Level 2: Information sharing
Your systems will need to share and store information in two different places, requiring them to know where they need to put it (taxonomy) and how (API and Data format) they’re going to place that information.
Level 3: Programmatic management
Not only is data being pushed in both directions, but the taxonomies and structures are also programmatically managed, such that when new standards are developed, they show up in all systems appropriately.
As you travel down the layers of depth, complexity and cost will grow. Going back to step 1, understanding your goals will help you assess whether that investment is really required to get the answers that you need.
The Practical Aspects
As you work through the three D’s of data integration, the difficulty lies in the definitions. In many ways, the depth is defined by the destination. How you define your world and the taxonomies of measurement is one that includes a fuzzy arena where you move from managed (explicit tracking of concepts using searches) to organic (discovering and identifying topics using unstructured analytics). You’ll need to be prepared for a number of challenges, and your platform will need to be capable of dealing with those for you.
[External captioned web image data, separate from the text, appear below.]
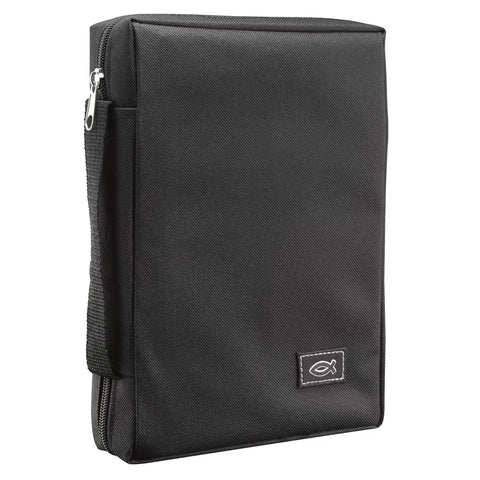 Black Poly-canvas Value Bible Cover (5" x 6.75" x 1.25")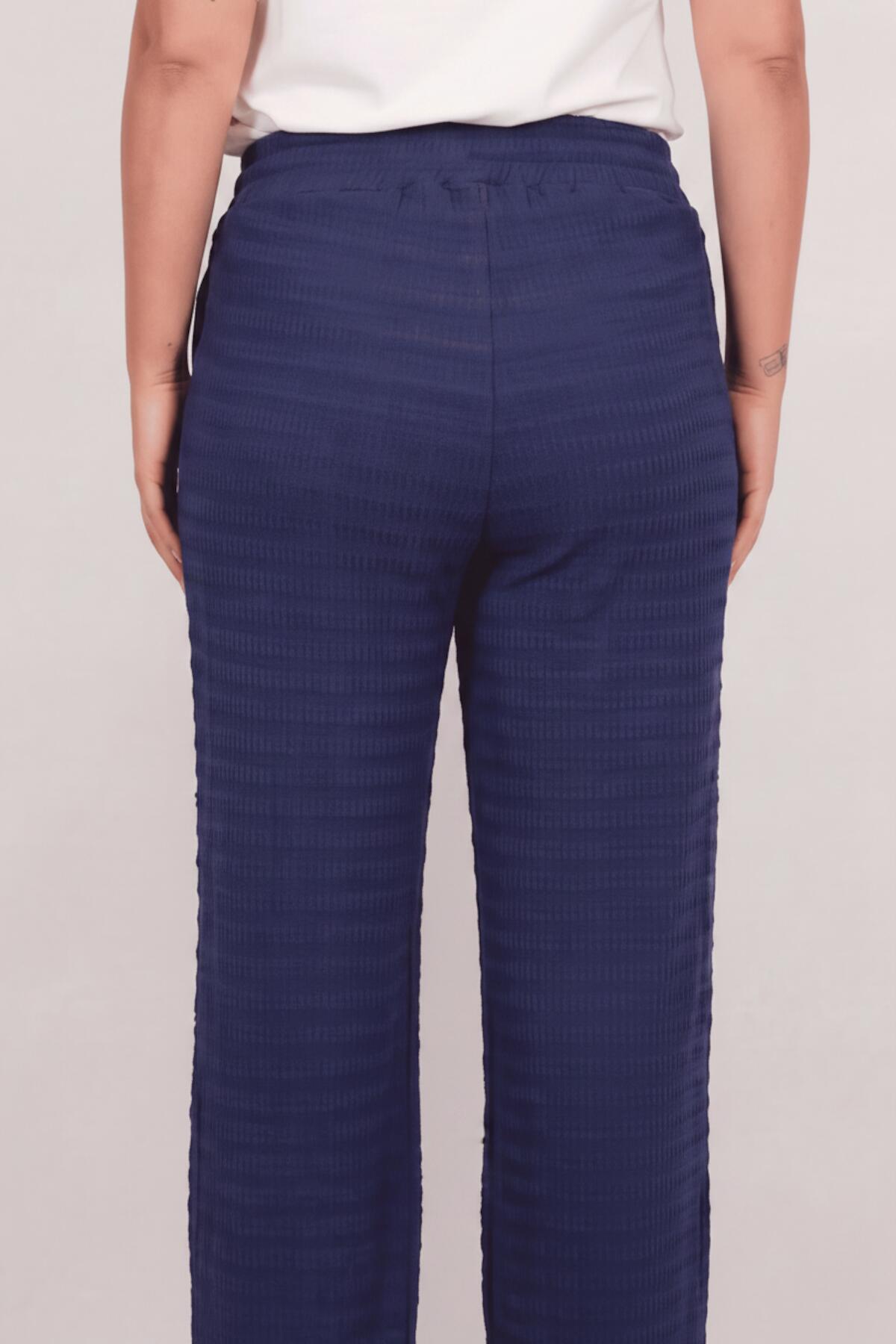 Plus - Size Wave - Print Wide - Leg Trousers — Navy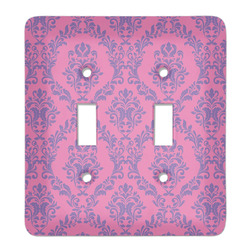 Pink & Purple Damask Light Switch Cover (2 Toggle Plate)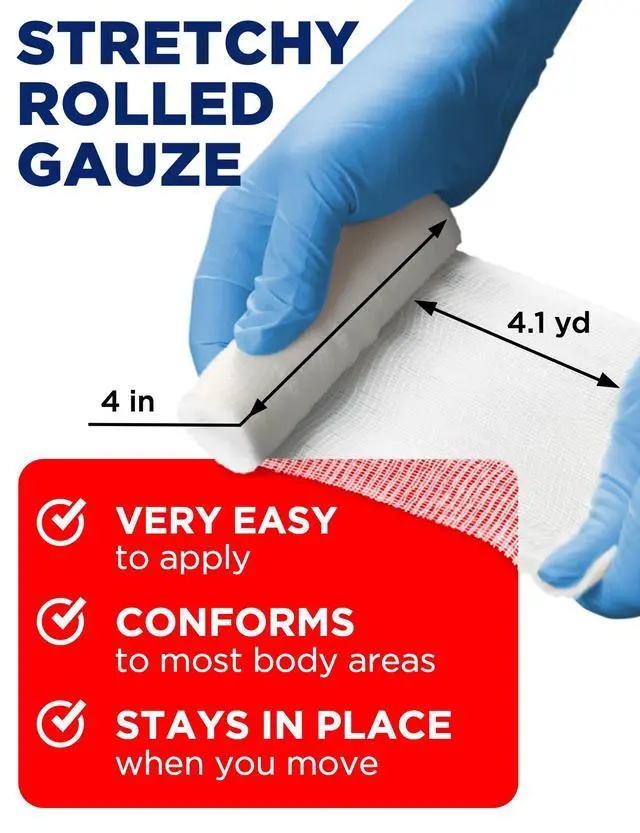 Alt view image 5 of 7 - Medical Gauze Rolls 20pk 4" x4.1yd Soft and Breathable Gauze Bandage
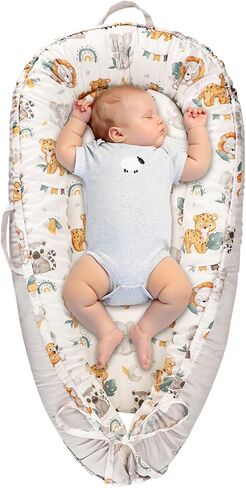 Baby Lounger Cover for Boys Girls, Reversible Baby Nest Cover, Adjustable Baby Lounger Replaceable Cover for Infant Newborn, Portable and Machine Washable, Cotton Gray Elephant Cover Only in Saudi Arabia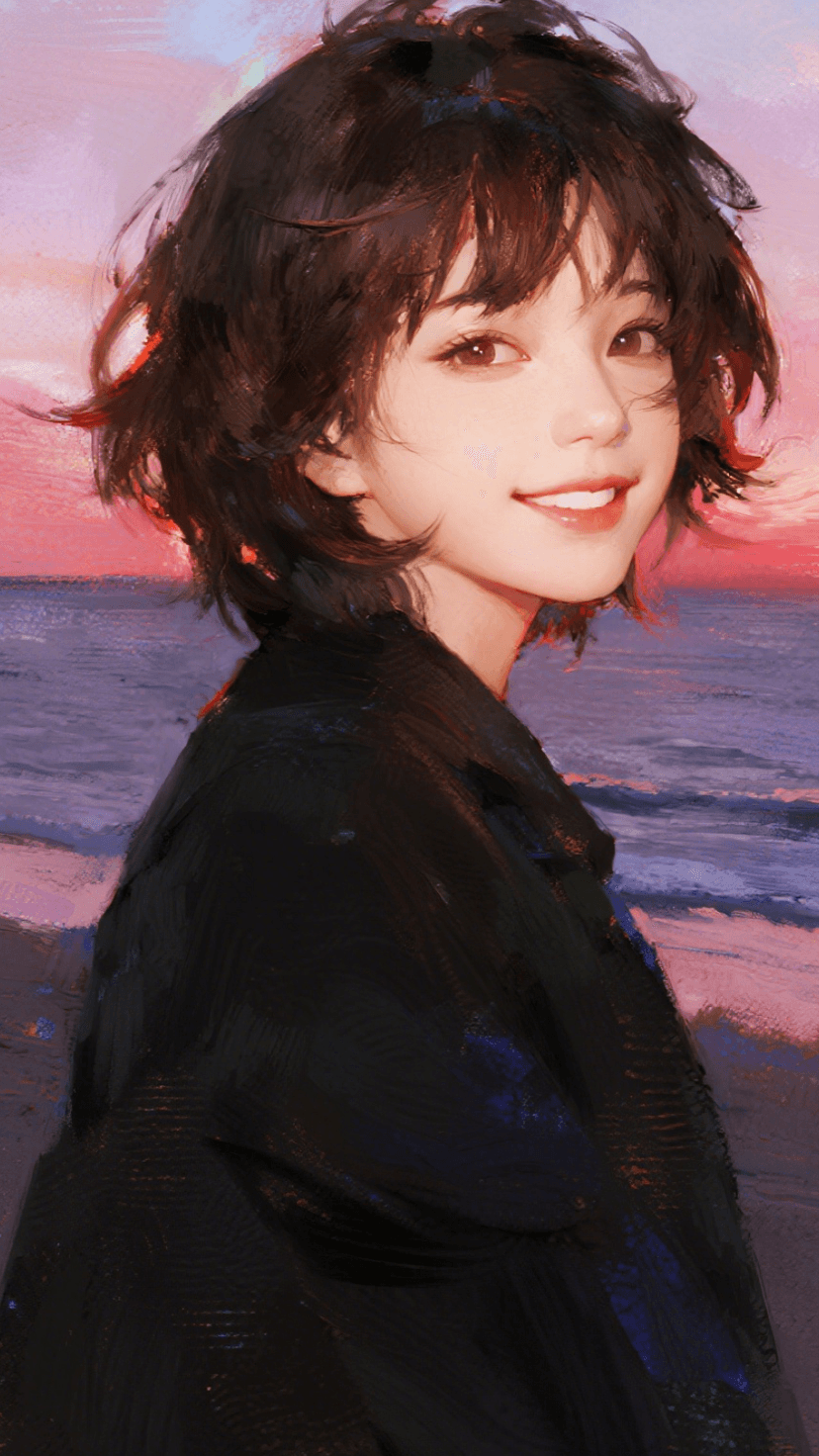 Qwen Image 生成的示例图片 8: Half-body portrait looking back in wind, stunning beauty with flowing bangs in sea breeze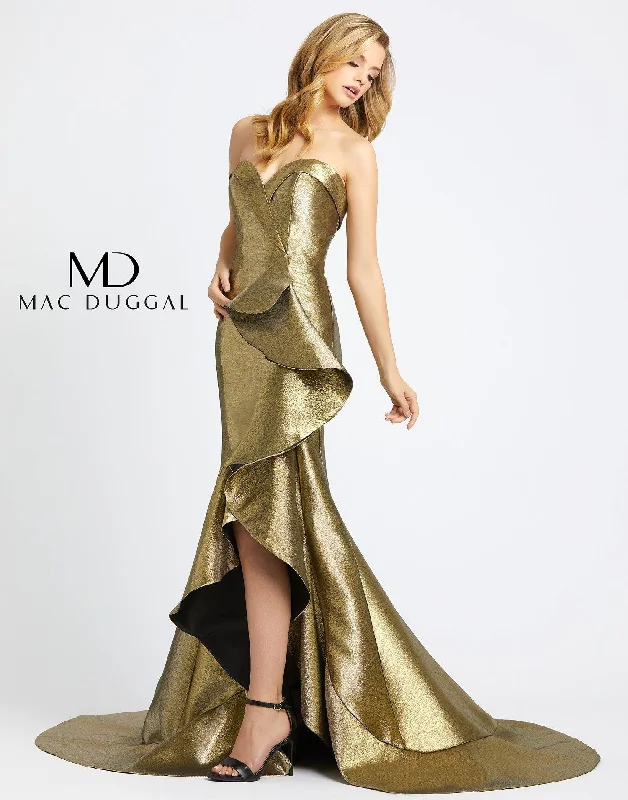 Mac Duggal 67662 Prom Long Metallic Trumpet Dress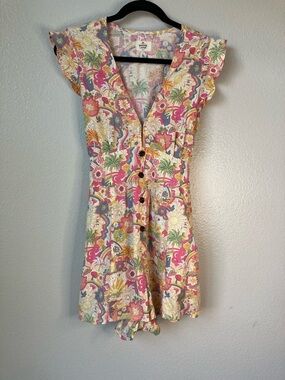 Marine Layer Camilla Romper Flutter Sleeve Button front Shorts Floral Hemp sz S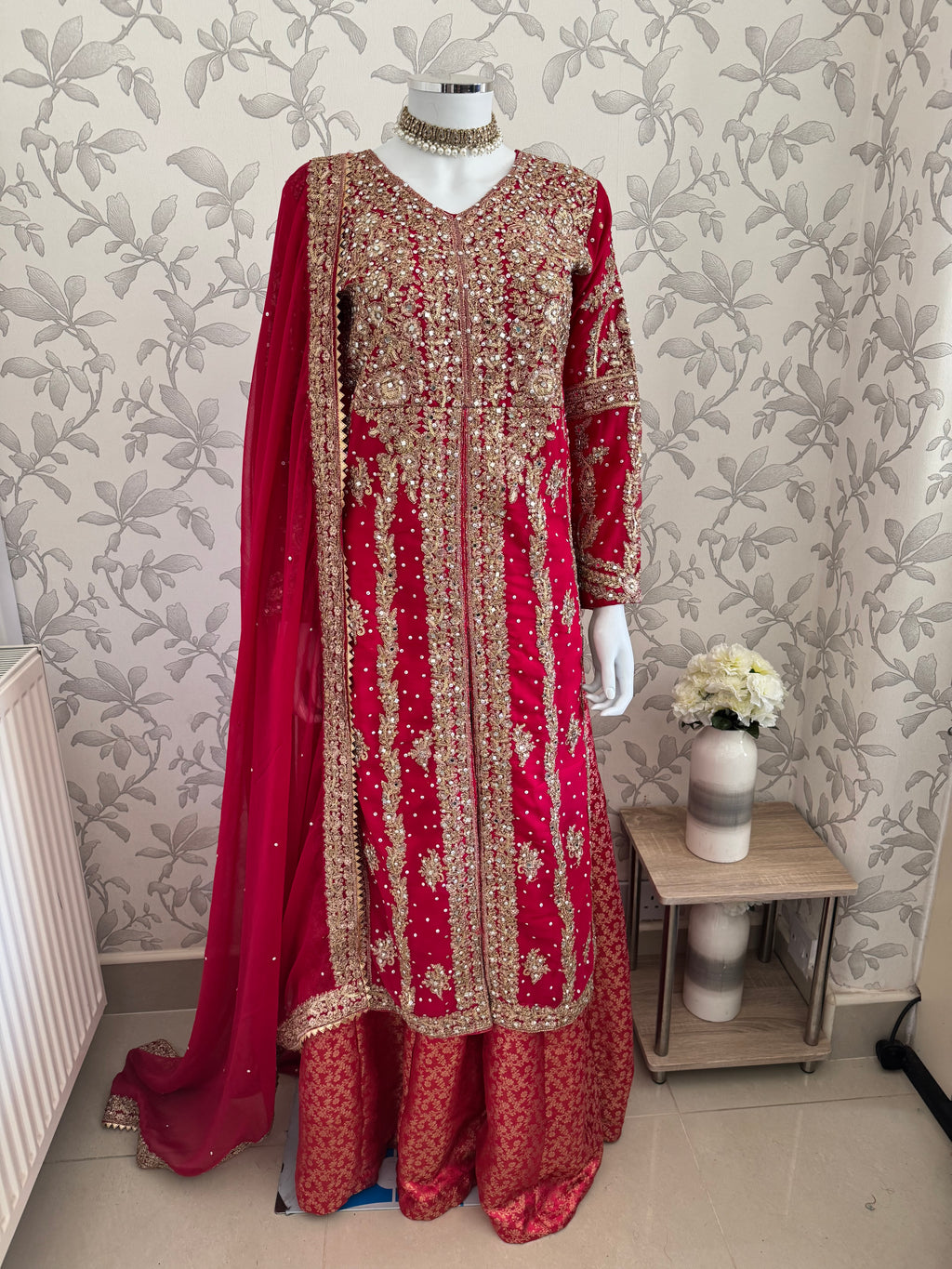AFREEN - 3 piece embroidered Chiffon wedding Suit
Definitions change. The taxonomy in your company may not change often, but how people talk about your products will. This ongoing evolution will drive changes in the underlying definitions. Since you can’t predict what you don’t know, don’t be afraid to start. Just make sure your platform can allow for changes in definitions, and ease of back checking historical baselines as the searches evolve.
Taxonomies are static, but interests are not. Know where you want to transition from a managed search definition to an organic discovery of what people are talking about. For each subject you’re studying, think about how important sub-topics are from a managed versus organic viewpoint. Managed viewpoints have the advantage of standardization at the cost of work. Organic discovery has the advantage of surfacing what’s important (without the need for asking that question directly), but comes with the cost of not being a managed, and therefore consistent, point of interest.
There’s a lot of data out there, and always more ways to describe the same thing. For each definition, you’ll be balancing recall (getting every single post that pertains to your topic) against precision (getting the right posts that pertain to your topic). Every change results in alterations in measured volumes, sentiment distributions, and other metrics. In a world where there aren’t right answers, be ready to commit to at least one answer. And from my perspective, precision wins over recall. I can address gaps in the comprehensiveness of my definitions over time, but as I move forward, make decisions, and discover new things, I like the assurance that the analytics represents true signal.
What has your experience been with socializing your analytics?